Family of Jaysh al-Islam spokesman accuse French of torture
Relatives of Islam Alloush have claim the Jaysh al-Islam spokesman has been subject to torture inside a French prison.
2 min read
02 March, 2021
Jaysh Al-Islam are the main suspects in the killing of four activists in 2013. [Getty]
Relatives of a jailed spokesman for the violent Islamist group Jaysh al-Islam have accused the French authorities of torture.

Writing in a series of tweets the family of Majdi Nehme, who goes by the name Islam Alloush, have claimed that he was “subjected to physical and psychological torture”.

Islam Alloush was arrested in January 2020 and charged by French authorities with torture, war crimes and complicity in forced disappearances.

Posting a picture of Alloush with blooshot eyes and bruising to his face, the family claimed that the charges against the Islamist are based on, “malicious charges that seek to take revenge rather than a commitment to seek the truth.”
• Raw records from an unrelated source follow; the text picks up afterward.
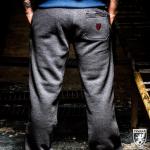 Kalhoty PGwear Dark Sweatpants - šedé
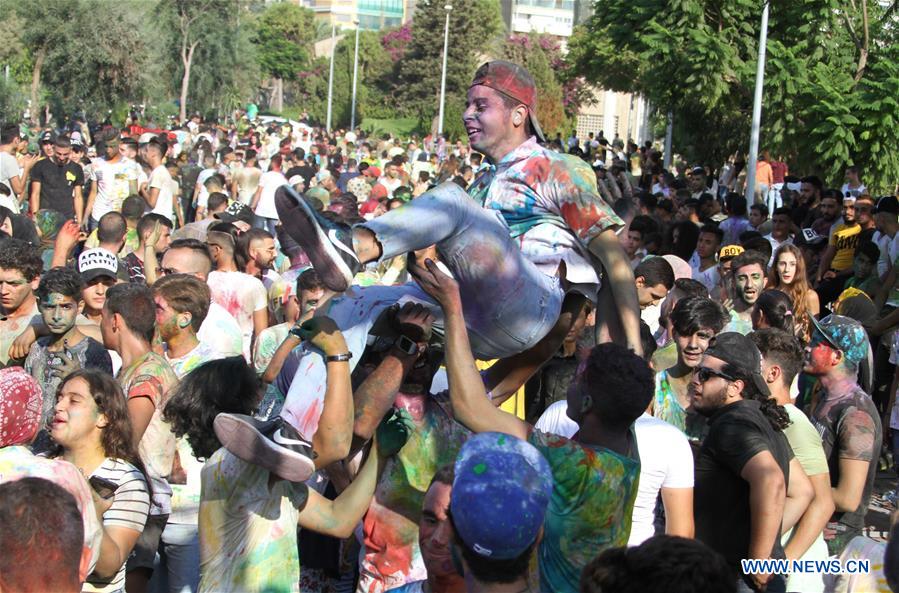 LEBANON-TRIPOLI-FESTIVAL OF COLORS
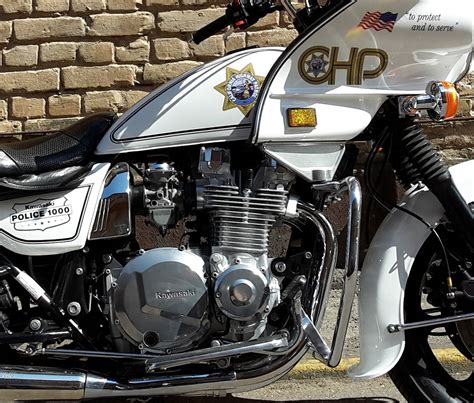 Air Cooled Interceptor Kawasaki Kz1000p Police Special Bikebound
The family claim that they have been prevented from travelling to France to visit their jailed relative and that they were misled about the reasons for his arrest. The also allege he has been tortured “in the most horrific of ways that almost led to his death.”

The family also accused the Syrian Center for Media and Freedom of Expression (SCM) of “misleading justice, fabricating accusations and covering up crimes of torture and enforced disappearance”.

The SCM is an independent organisation that promotes human rights and works to achieve justice for the victims of the Assad regime and terrorist organisations in Syria. 

The family provided no further evidence, beyond the published photo, which has not been verified. 

French authorities have not responded to the claims.

Jaysh al-Islam is one of a number of hardline Islamist groups that is operating in Syria, and controlled eastern Ghouta until the area was assaulted by the Syrian regime in 2018.

Jaysh al-Islam have been accused of multiple crimes, including torture, using child soldiers, and complicity in forced disappearance. 

Read more: Syria Insight: Russia's intervention five years on (Part 1)

The group’s crimes rose to prominence with their suspected involvement in the December 2013 kidnapping of the Syrian activist Razan Zaitouneh, her husband Wael Hamada and two colleagues, Samira Khalil and Nazem Hammadi. The party went missing in eastern Ghouta and have never been found.

Zaitouneh was one of the most prominent civil society figures in the uprising against President Bashar al-Assad that erupted in March 2011.

The arrest of Islam Alloush, who was studying in France when he was captured, was widely welcomed and seen as an opportunity for the victims of the hardline group to secure justice. 

Similar feelings were expressed recently in Germany, when a former member of Assad’s secret police was found guilty of war crimes and handed a four and a half year prison sentence.